A simple way to prepare for a dissection is to find out what it will be on, read through any relevant lecture notes, using a textbook for any necessary detail and to take a look at any worksheet that may accompany the session.
2.) Do not do anything you are uncomfortable with
The idea of cutting open a dead body is understandably daunting and uncomfortable for some. You can become comfortable dissecting quite quickly, but it might take you longer than others. You may feel embarrassed as others settle more quickly, but it’s important for you to not do anything you are uncomfortable with. If you feel uncomfortable dissecting any part of the body for any reason, tell your tutor and take a step back. You will improve with time.
3.) There will be unpleasant smells
It is likely that certain tissues of the body you are dissecting will not have a pleasant smell. Coupled to this, a preservative such as formaldehyde will be flushed through the body’s blood vessels, which can at times make your eyes water. If you need to take time to step outside the lab and have some water, don’t hesitate in doing so. You will get used to the smell to some extent.
You will be spending a few hours at any one time in the dissecting lab. As a result, it is likely the smells of the lab will latch onto your clothing, giving them a pungent odor. If you have any kind of social meeting after, it is best to bring to a change of clothes. Also, whilst the blood of the body will be removed, the body will still retain fluid, which can leak when dissecting it.

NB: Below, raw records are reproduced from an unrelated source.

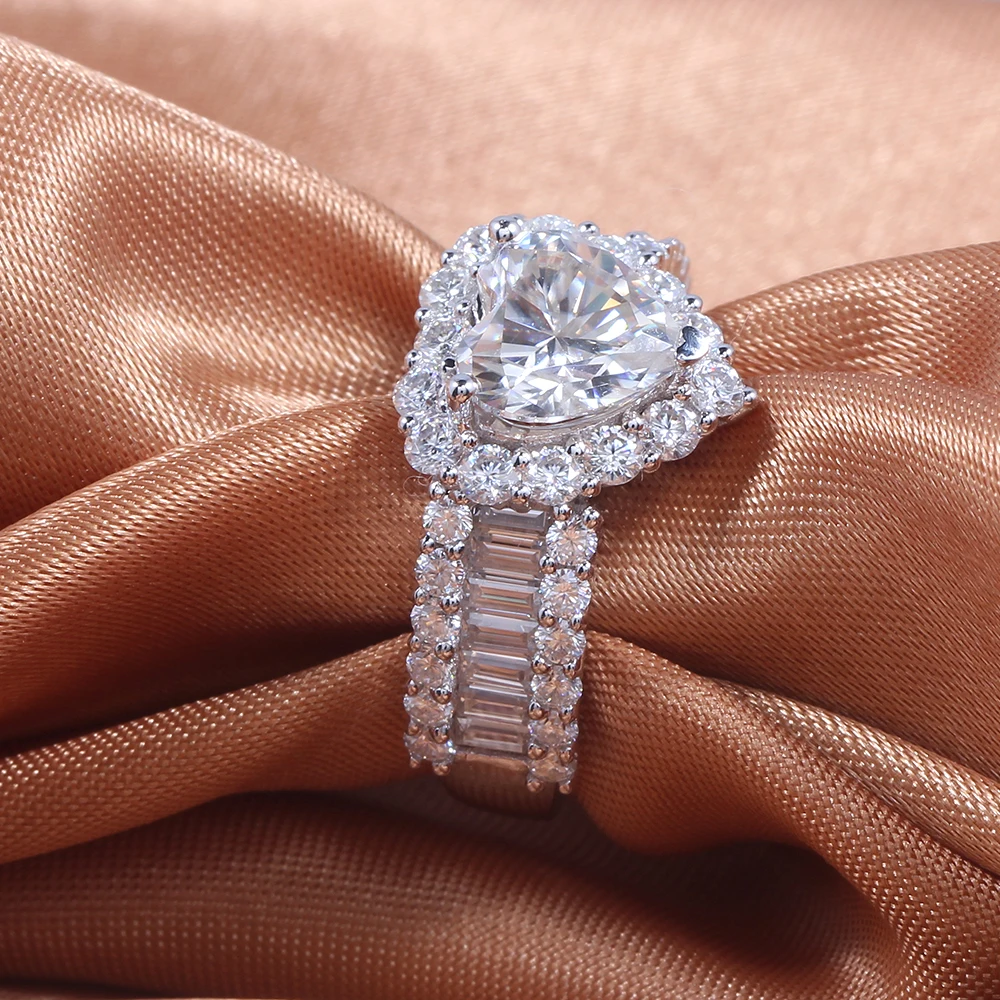 Buy Genuine 14K 585 White Gold 2CT Heart Shape F Color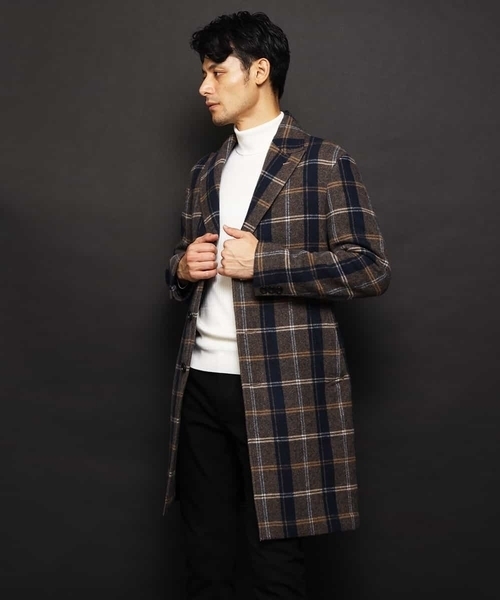 MICHEL KLEIN HOMME   （ミッシェルクランオム）の「コート（接結リバーチェック）（ステンカラーコート・メンズ・ブラック/ネイビー・48/51/46）」の20枚目の写真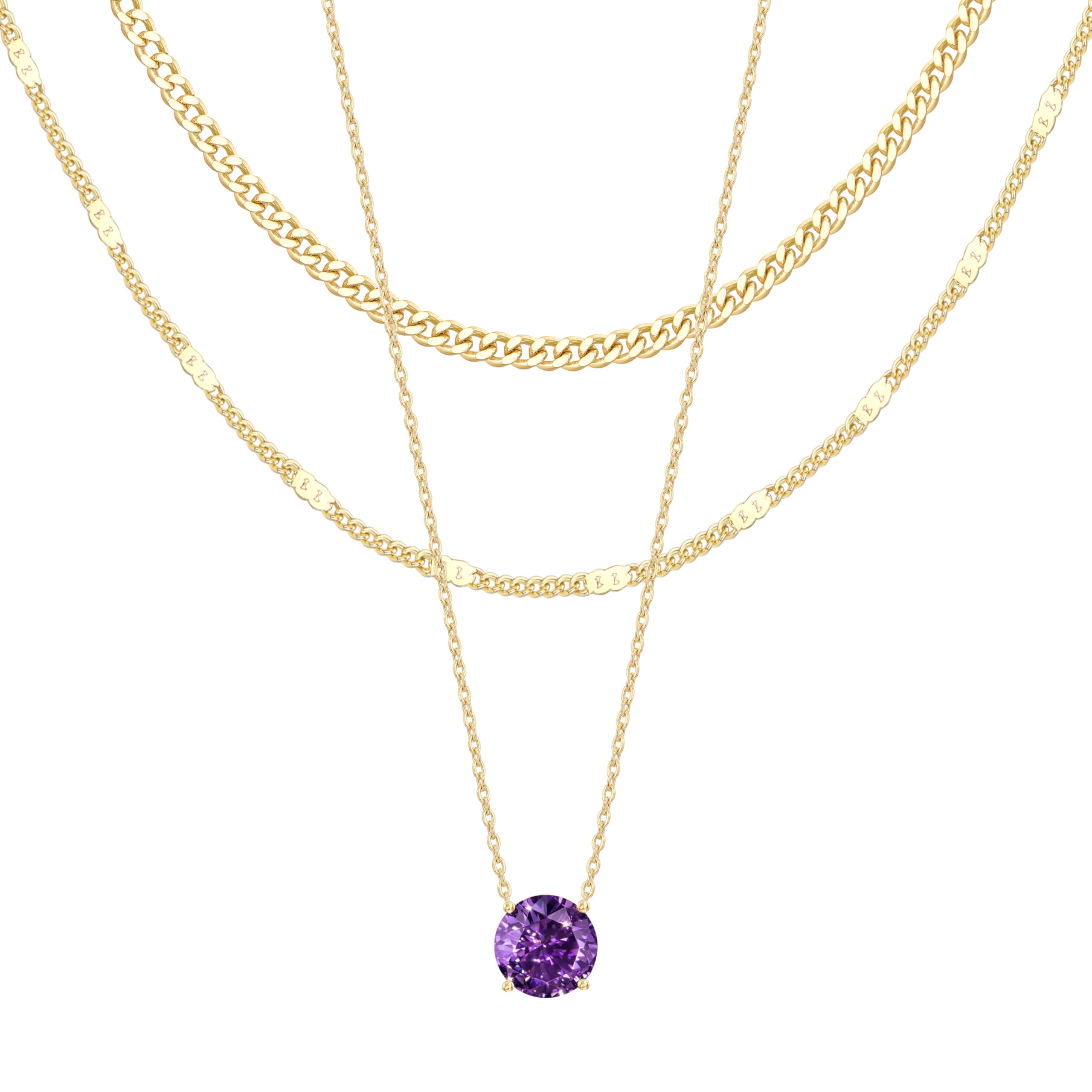14K Gold Layered Necklace Set
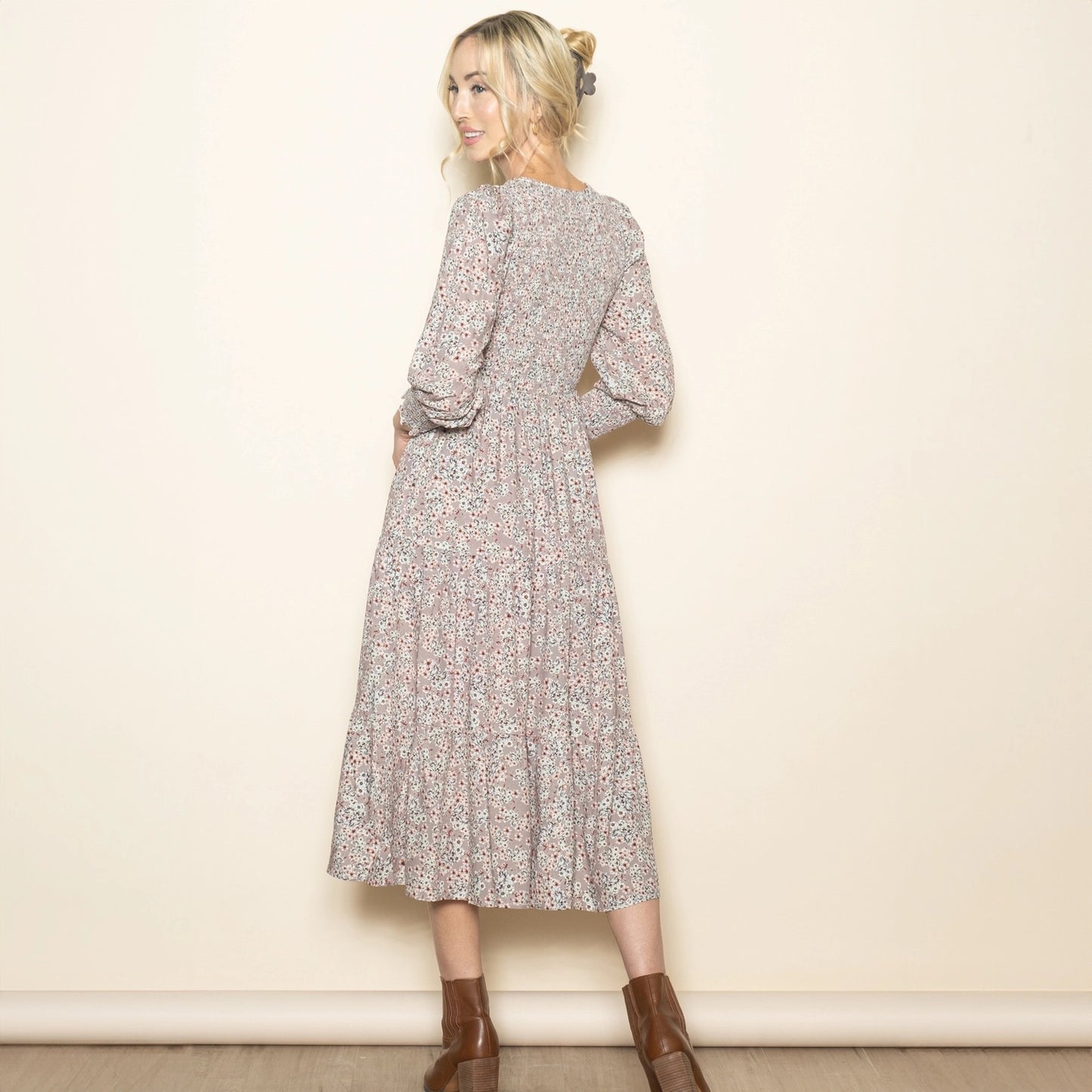 Long Sleeve Smocked Tiered Floral Midi Dress with Pockets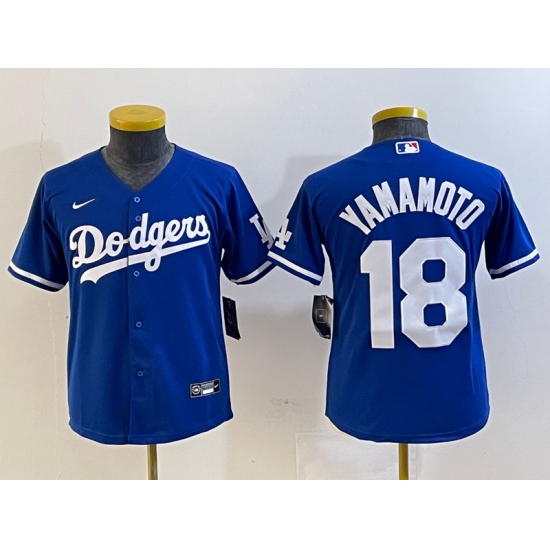 Youth Los Angeles Dodgers #18 Yoshinobu Yamamoto Blue Stitched Cool Base Nike Jersey - Ujersey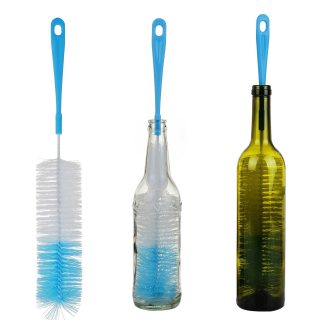 3-Pack Long Bottle Cleaning Brush for Narrow Neck Beer, Wine, Kombucha, Hydroflask, Thermos, S’well, Nalgene, Pitcher, Carafe, Brewing Bottle Cleaner, 16 Inches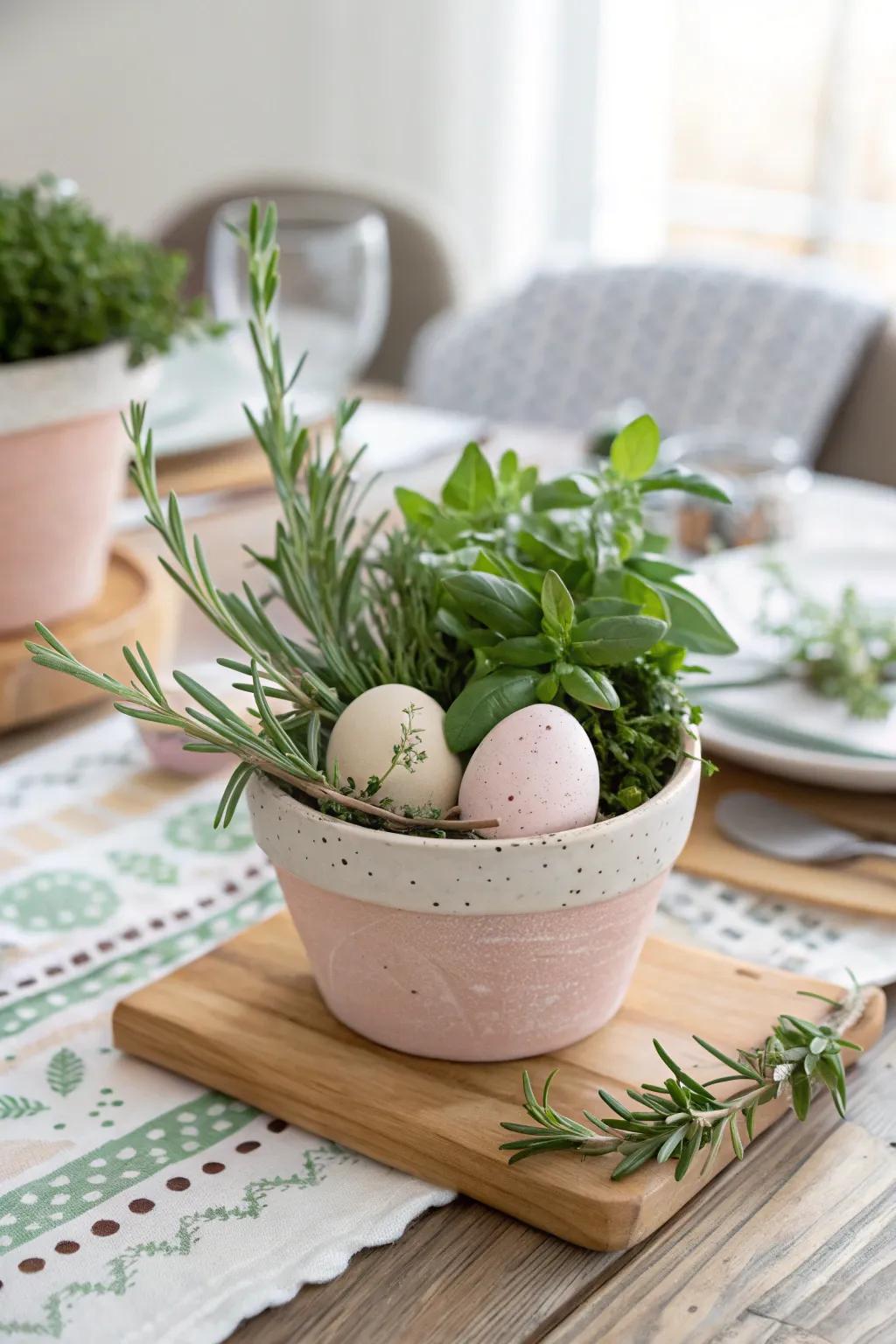 Elevate your Easter table through a simple yet stunning herb patch centerpiece, combining functionality and elegance.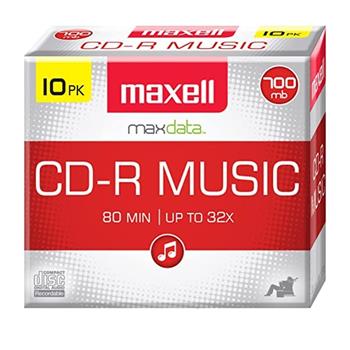 Maxell 40x Music CD-R Media Discs, 700MB, 10/PK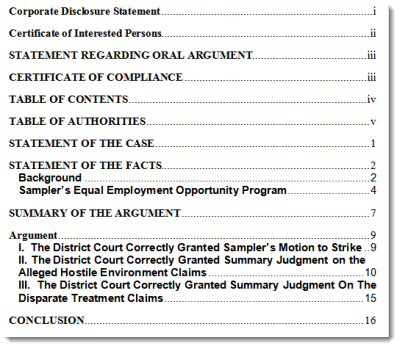 Sample Table of Contents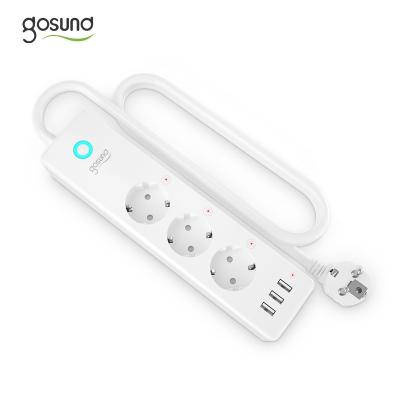 China Convenient Life Smart APP Security WIFI Remote Control Smart EU Power Strip With USB Support Voice Control Power Plug Strip for sale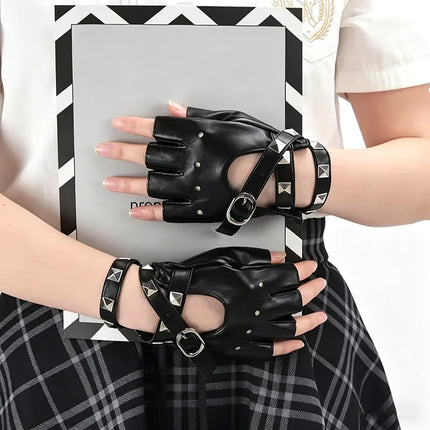 Punk Style Willow Nail Leather Half Finger Gloves for Women Cool Sexy Rock Dance Gloves Sexy Wrist Wrapping Hollow Gothic Gloves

Speaking from personal experience, don’t wear your new pair of shoes to a dissection.
4.) Speak up if you want to dissect
You should expect to be allocated to a body with approximately ten other students, which at times will feel like a lot of people around a single cadaver. You should also expect some students in your group to want as much time as possible with the body. If you want to dissect but feel you are not given the opportunity, you must take responsibility for your learning and be vocal, telling the team around you that you want to be involved more. Chances are the students spending maximum possible time dissecting are simply enthusiastic and are more than happy to let you spend time dissecting.
The time spent learning from the cadavers is an experience many physicians hold dear throughout their careers. Whilst these sessions are of course exciting, you should remember to be respectful. Although clinical detachment is a necessary trait of doctors, be mindful that the body you dissect was once a person, a mother/father, a brother/sister, who when alive agreed to donate their body. Ultimately, the opportunity to dissect is a gift from a patient to you.